The Yalta and Potsdam Conferences were not the factor for Cold War however were what kick-started the brand-new sort of war that lasted for forty-six years. Indeed, its necessary to study the two conferences as they played an essential function in choosing the future of the world during that period.
On April 25, 1945, the Red Army, 58th Guards Department were commemorating their triumph over Nazi Germany with U.
S Army, 69th Infantry Department on German Land1. Five days later on Adolf Hitler shot himself and a week later on Germany surrendered. The “Big Three” who originally met — in expect a much better world– in Tehran in 1943 and Yalta in February, 1945, fulfilled as soon as again at Potsdam in July, 1945. Churchill was thanking Stalin for his ‘hospitality and friendship’ at the Yalta Conference2.
Then how come, despite these friendly gestures, did the Soviet Authorities tried to break up pro-American demonstrations that erupted in Moscow? Why did American Authorities suspend shipments of aid for the USSR and then resume them? Why did Truman turn cold towards Stalin and decided to keep the knowledge of the atomic bomb a secret from the Soviets? The answer lies in the fact that the war was won by the Grand Alliance and its member who were already at war – ideologically and geopolitically – with each other3.
Near the end of World War II, global politics were at peak level and after 1945; a series of clashes and misunderstandings widened the gap between the Americans and Soviets even more and eventually lead to open hostility. The United States believed that a country should be run on a capitalist system – that is all industry, business and agriculture should be owned privately or by firms. In contrast, the Soviets believed in socialism, meaning that everything should be owned by the state and should be run by the government.
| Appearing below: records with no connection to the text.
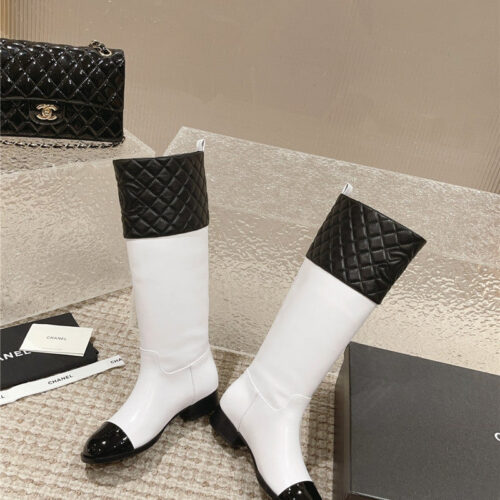 High Quality Luxury Chanel Retro Small Round Toe Stitching Design Boots product detail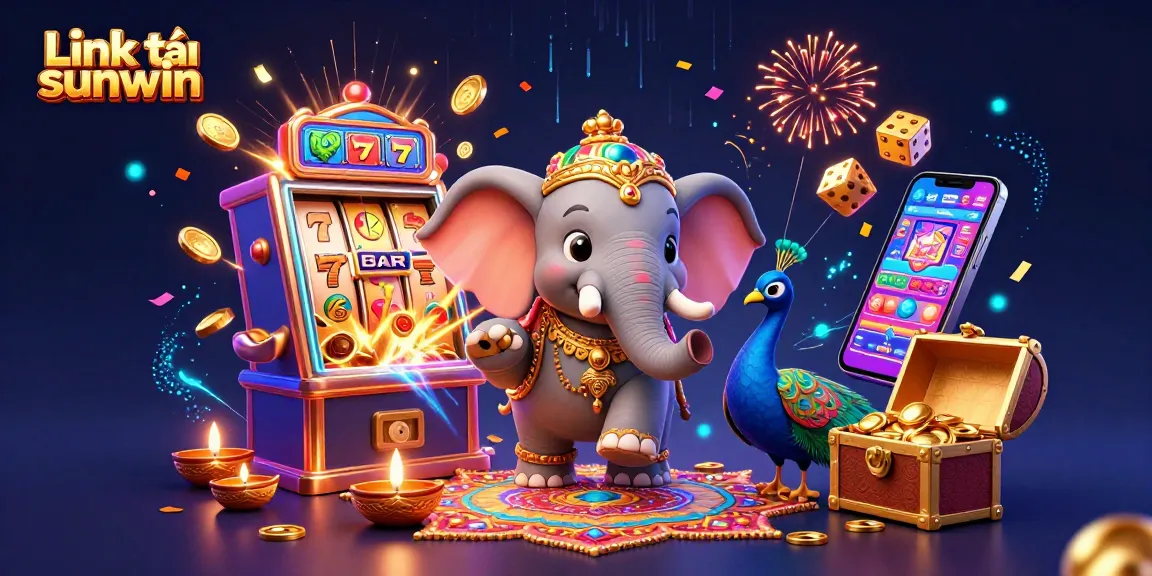 Experience the thrill of gaming with Link tải sunwin - 3D illustration of vibrant casino elements.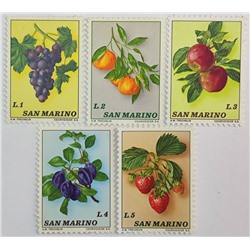 Набор негашеных почтовых марок Сан-Марино, 1963 год, Фрукты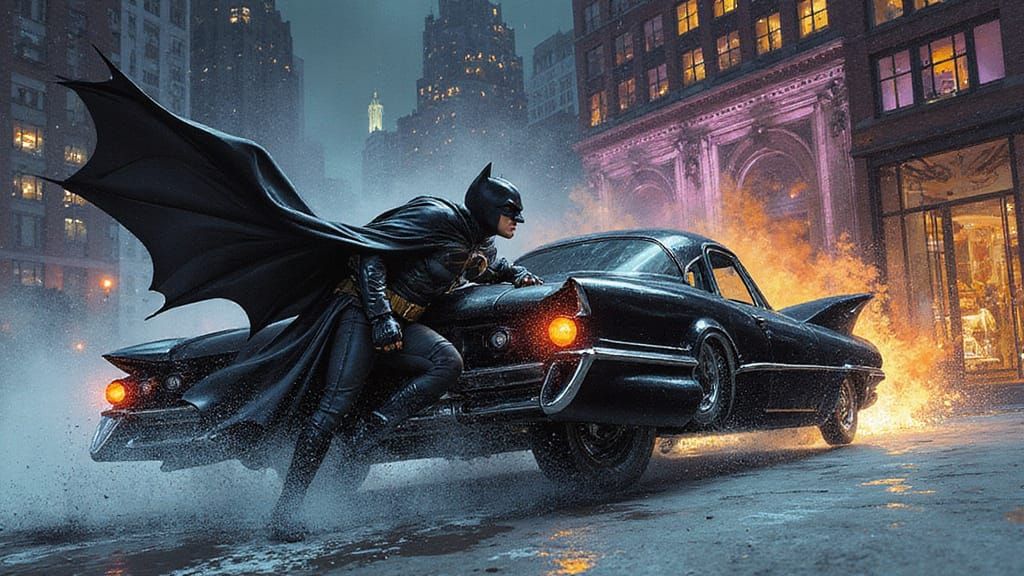 Earth-34’s Batman and his Batmobile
These two – very different ideologies – were conflicting to each other and believed that the alternative ideology was a threat to their own way of living.
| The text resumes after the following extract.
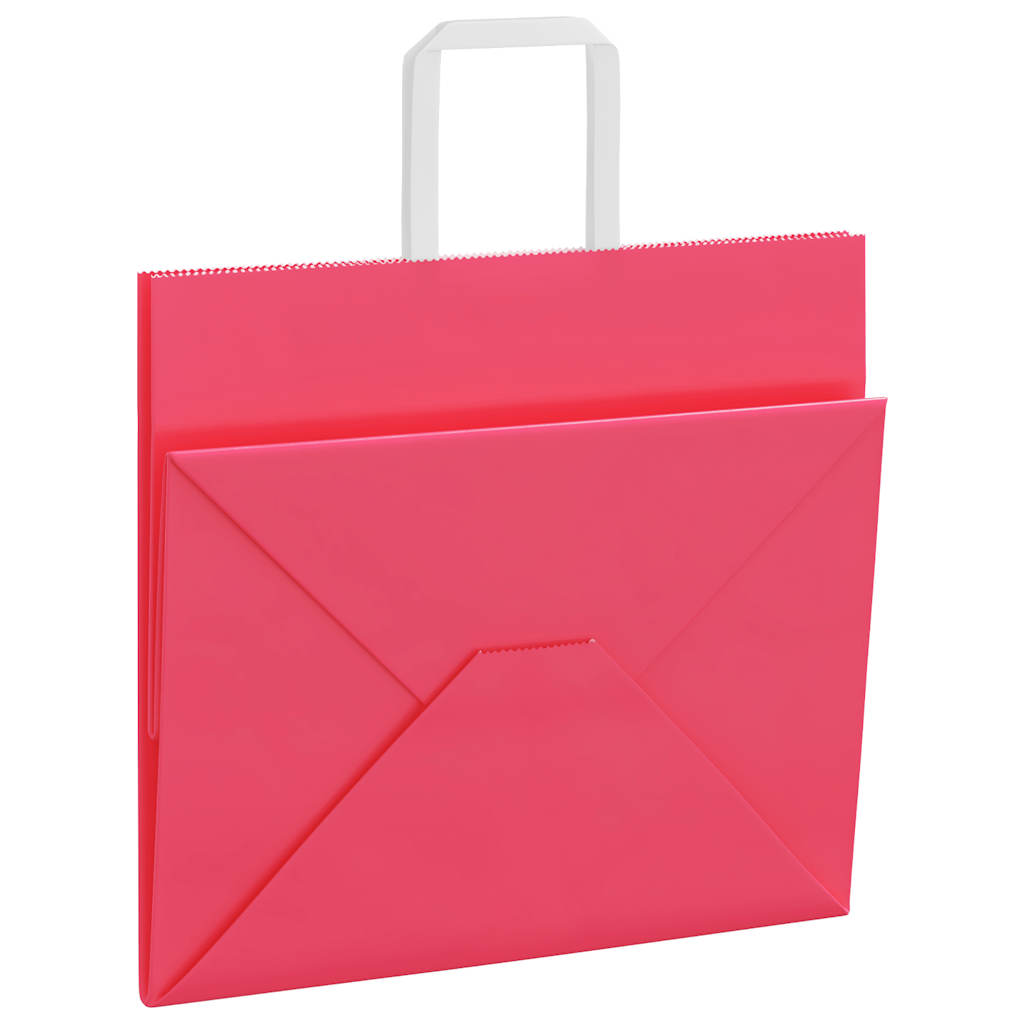 vidaXL Torby papierowe 250 szt. z uchwytami Różowe 32x22x28 cm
In 1945, two conferences, Yalta and Potsdam were held with the top political leaders of Russia, America and Britain, otherwise known as the ‘Big Three’. These conferences were meant to decide the future of the world after the war and what to do with Germany. America and Russia’s different beliefs and post-war aims and the increasing tension between the two sides became apparent at the Yalta and Potsdam Conferences. Therefore, it is significant to closely examine what was said and decided during these conferences that drove both sides.
The focus question of this essay deals with what was discussed and agreed upon during the Yalta and Potsdam conferences and will answer: To what extent did the Yalta and Potsdam conferences contribute to the development of the Cold War in Europe?
The two great powers, even though they had united to fight against the Nazis, were completely different in everything else. Ideology was very important for the Soviet Union, since it was built around it and the west viewed the USSR as a growing threat and distrusted them. The Soviet Union was a communist country, which was ruled by a dictator and put the needs of the state ahead of human rights, while America was a capitalist democracy which valued freedom and feared communism. Although the ideological differences between the two great powers were immense and important in creating a tense atmosphere between them, ideology alone does not offer an explanation for the cold war.
A capitalist economy is based on private ownership, private profit and free competition. It encourages private individuals to own businesses and make profits. A communist economy on the other hand, is quite different. The economy is controlled by the government. A country’s wealth and resources are owned by the state or government. The state controls and plans all economic activity so that everybody benefits. Thus, it can be seen how different these ideologies were and how conflict could arise from these differences.
Going into the Yalta and Potsdam Conferences, Soviet Union wanted to ensure security, establish control over Eastern Europe, and get reparation from Germany. On the other hand, Britain and America wanted to help Germany recover to avoid any future turmoil from Germany and wanted to prevent large areas of Europe from coming under Communist control.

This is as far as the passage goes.